▸ Source records
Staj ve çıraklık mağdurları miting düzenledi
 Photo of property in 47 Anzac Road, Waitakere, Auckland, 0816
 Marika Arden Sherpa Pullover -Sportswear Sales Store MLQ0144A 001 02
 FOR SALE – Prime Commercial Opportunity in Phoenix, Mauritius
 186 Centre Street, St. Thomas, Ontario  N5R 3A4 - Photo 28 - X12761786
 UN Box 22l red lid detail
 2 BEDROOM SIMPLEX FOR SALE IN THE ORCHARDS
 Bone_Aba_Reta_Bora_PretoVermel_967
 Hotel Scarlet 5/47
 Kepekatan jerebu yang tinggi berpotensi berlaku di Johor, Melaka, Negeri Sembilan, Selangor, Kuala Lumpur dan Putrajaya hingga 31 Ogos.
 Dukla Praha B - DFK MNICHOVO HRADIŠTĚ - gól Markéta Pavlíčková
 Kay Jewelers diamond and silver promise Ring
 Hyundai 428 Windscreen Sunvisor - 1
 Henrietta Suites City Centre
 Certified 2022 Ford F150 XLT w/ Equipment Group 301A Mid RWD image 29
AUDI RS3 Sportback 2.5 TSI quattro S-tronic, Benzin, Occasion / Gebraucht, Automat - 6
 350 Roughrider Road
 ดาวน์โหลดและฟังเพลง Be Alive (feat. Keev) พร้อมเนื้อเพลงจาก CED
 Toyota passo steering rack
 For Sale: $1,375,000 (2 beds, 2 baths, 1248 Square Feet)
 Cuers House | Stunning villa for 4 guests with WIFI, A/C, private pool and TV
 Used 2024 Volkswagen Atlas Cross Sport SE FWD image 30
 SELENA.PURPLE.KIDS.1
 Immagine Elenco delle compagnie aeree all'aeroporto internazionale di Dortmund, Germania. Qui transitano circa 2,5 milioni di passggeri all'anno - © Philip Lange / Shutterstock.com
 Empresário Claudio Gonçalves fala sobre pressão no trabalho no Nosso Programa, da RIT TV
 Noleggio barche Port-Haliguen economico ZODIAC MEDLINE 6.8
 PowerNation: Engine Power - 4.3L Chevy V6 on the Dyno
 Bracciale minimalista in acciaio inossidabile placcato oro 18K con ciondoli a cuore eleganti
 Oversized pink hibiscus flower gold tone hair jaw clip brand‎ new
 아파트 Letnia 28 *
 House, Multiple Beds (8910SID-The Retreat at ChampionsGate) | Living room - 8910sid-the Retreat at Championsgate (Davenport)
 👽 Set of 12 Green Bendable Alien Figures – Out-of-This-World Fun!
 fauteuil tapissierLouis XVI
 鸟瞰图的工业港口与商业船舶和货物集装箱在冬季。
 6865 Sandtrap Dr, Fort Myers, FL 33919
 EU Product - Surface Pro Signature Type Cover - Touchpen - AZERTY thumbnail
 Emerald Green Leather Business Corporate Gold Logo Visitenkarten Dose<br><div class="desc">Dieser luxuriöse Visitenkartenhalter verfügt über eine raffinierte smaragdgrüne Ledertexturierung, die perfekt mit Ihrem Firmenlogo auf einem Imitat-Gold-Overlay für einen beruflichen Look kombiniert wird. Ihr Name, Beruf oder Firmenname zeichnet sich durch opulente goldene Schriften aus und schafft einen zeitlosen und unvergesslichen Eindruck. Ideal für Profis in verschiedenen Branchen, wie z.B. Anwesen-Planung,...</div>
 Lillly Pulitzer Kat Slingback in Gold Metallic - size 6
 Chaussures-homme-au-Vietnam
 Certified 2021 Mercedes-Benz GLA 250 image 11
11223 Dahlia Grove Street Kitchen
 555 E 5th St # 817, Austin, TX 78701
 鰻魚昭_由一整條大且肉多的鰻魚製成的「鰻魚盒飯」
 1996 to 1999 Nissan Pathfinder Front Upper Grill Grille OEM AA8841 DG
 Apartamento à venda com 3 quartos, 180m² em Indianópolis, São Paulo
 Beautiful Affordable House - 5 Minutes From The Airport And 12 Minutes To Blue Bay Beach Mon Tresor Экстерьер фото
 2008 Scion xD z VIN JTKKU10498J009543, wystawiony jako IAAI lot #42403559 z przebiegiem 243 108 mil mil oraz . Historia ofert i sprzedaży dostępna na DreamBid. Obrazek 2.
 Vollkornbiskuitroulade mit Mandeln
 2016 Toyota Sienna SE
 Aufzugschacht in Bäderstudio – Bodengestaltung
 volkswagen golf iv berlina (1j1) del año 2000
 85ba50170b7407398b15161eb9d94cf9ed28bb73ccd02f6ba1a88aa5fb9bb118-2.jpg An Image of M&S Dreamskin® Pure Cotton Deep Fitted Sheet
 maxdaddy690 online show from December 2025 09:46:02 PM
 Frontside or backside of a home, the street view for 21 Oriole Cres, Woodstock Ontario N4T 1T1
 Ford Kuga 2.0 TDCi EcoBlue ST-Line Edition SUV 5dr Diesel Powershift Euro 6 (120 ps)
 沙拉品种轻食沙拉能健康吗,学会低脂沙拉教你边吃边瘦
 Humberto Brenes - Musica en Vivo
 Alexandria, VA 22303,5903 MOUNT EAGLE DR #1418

▸ Activity
Type out exactly the span of lines from the one with "Humberto Brenes - Musica en Vivo" to the end of the material above, counting both end lines, and nothing else.

▸ Written response
 Humberto Brenes - Musica en Vivo
 Alexandria, VA 22303,5903 MOUNT EAGLE DR #1418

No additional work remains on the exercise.